**Task brief:** With the material below, print exactly the lines between the line holding "Los Campesinos! - Romance" and the line holding "Fabrication Enterprises Inc", inclusive. Add nothing else.

**Exercise data:**

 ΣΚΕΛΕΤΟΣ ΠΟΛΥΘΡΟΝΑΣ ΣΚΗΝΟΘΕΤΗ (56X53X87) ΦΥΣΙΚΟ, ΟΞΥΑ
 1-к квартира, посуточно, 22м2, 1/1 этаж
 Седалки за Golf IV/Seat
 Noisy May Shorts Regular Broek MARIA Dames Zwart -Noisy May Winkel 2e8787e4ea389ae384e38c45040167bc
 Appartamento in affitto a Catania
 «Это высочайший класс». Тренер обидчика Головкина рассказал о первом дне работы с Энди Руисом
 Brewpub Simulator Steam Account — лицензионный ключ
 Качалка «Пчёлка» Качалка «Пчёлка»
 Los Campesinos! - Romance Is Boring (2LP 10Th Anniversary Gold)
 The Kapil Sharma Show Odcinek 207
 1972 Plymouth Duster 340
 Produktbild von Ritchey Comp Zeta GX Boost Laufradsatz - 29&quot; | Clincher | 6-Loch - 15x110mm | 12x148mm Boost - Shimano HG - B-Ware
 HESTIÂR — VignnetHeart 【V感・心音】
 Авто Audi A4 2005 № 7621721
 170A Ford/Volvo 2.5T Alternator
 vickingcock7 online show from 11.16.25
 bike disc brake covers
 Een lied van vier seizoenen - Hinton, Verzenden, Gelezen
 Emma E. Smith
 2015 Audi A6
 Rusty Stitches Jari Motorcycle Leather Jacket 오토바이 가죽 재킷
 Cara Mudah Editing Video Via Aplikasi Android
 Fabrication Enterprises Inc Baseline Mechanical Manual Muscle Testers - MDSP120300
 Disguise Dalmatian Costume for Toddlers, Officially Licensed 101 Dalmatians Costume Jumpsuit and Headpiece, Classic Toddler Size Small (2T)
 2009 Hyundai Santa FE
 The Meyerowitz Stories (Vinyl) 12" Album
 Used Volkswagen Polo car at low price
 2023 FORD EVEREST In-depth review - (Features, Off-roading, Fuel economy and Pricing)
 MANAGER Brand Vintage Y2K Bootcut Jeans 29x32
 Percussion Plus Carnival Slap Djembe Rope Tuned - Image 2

**Task output:**
 Los Campesinos! - Romance Is Boring (2LP 10Th Anniversary Gold)
 The Kapil Sharma Show Odcinek 207
 1972 Plymouth Duster 340
 Produktbild von Ritchey Comp Zeta GX Boost Laufradsatz - 29&quot; | Clincher | 6-Loch - 15x110mm | 12x148mm Boost - Shimano HG - B-Ware
 HESTIÂR — VignnetHeart 【V感・心音】
 Авто Audi A4 2005 № 7621721
 170A Ford/Volvo 2.5T Alternator
 vickingcock7 online show from 11.16.25
 bike disc brake covers
 Een lied van vier seizoenen - Hinton, Verzenden, Gelezen
 Emma E. Smith
 2015 Audi A6
 Rusty Stitches Jari Motorcycle Leather Jacket 오토바이 가죽 재킷
 Cara Mudah Editing Video Via Aplikasi Android
 Fabrication Enterprises Inc Baseline Mechanical Manual Muscle Testers - MDSP120300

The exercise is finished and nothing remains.